The classic, traditional way is to go to a paid campground and stay with dozens of others in a specially marked area. Prices differ, but you can expect to pay between 15 to 50 Euros depending on the country, the size of your vehicle and the amount of people you got with you. The plus side here is that you got access to electricity, bathrooms and WiFi, which is one of the reasons that digital nomads opt for this option from time to time. Most people that go on campgrounds either drive a big motorhome or got a caravan, you won’t see that many vans around and very often its the way people, especially from northern Europe like Germany, the Netherlands, Switzerland, Austria, the UK etc. spend their entire holidays so that’s why the atmosphere is often very family holiday orientated and has little to do with that free life most of us who travel in a van are looking for. Many are also booked way in advance and are more of a destination itself than just a stop on the road, including waterparks, restaurants and some even have their own lake. 

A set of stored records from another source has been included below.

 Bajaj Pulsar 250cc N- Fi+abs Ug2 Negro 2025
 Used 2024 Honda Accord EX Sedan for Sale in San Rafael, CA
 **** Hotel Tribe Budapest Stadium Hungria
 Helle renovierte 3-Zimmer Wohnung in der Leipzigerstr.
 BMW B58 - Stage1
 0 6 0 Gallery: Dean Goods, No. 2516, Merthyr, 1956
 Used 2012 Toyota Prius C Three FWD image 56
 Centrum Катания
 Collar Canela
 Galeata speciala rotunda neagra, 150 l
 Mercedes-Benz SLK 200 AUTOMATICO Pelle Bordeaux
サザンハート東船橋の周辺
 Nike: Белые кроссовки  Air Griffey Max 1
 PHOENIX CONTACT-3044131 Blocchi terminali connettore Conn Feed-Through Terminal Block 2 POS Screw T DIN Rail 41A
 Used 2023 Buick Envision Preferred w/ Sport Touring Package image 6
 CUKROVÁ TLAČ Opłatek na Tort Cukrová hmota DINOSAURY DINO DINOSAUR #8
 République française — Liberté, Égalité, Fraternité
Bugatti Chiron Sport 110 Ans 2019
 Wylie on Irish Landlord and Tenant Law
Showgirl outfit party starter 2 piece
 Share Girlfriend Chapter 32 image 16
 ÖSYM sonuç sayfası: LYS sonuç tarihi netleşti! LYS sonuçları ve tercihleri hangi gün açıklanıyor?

If you’re looking for the feeling of complete freedom and wilderness, the chances that you want to wild camp are pretty high. With that said, some countries in Europe allow it under certain circumstances while other ban it completely and if you do it anyway, you can get fined or get the dreaded police knock in the middle of the night. In general, most central European countries banned camping if not on a background due to the waste problem and people not taking care of the environment. There are still Apps that show you spots where you can stay without getting interrupted, but its always at your own risk. It should be clear, but please always take your trash, don’t put all your stuff out, be respectful to the locals, arriving late and leaving early is also a good idea. In some countries like France, Italy, Austria or Switzerland you can park at farms if you ask nicely and maybe buy something from the farmer, that’s totally legal. Even though its generally not allowed in many places, if there is no sign that prohibits overnight parking, there is a little trick that can get you out of a tight situation but we will cover that a bit later. Most of us need to fill up on water from time to time, you can do this at most rest stops on highways or many cemeteries got drinking water close to the parking where you can fill up. Also please keep in mind that while in northern Europe tap water is usually drinking water, this very much isn’t the case in the southern ones next to the Mediterranean. If you ask nicely, restaurants will let you fill up if you buy something. Especially in touristic areas, the chances to have a chemical toilet somewhere close to the parking or even a normal toilet is pretty high. If you got your own chemical toilet, this is also where you can dump it. Some countries that allow wild camping are Scotland and the whole Scandinavian region, which got a right of free access, especially Sweden. While this actually only applies to tents, its pretty stretched and its one of the best places to kinda legally wild camp wherever you like. I can just say it one more time, please always, always leave the place like you find it to keep it that way and if there are several other vans / campers, maybe go somewhere else to not accidentally create an illegal camping ground. 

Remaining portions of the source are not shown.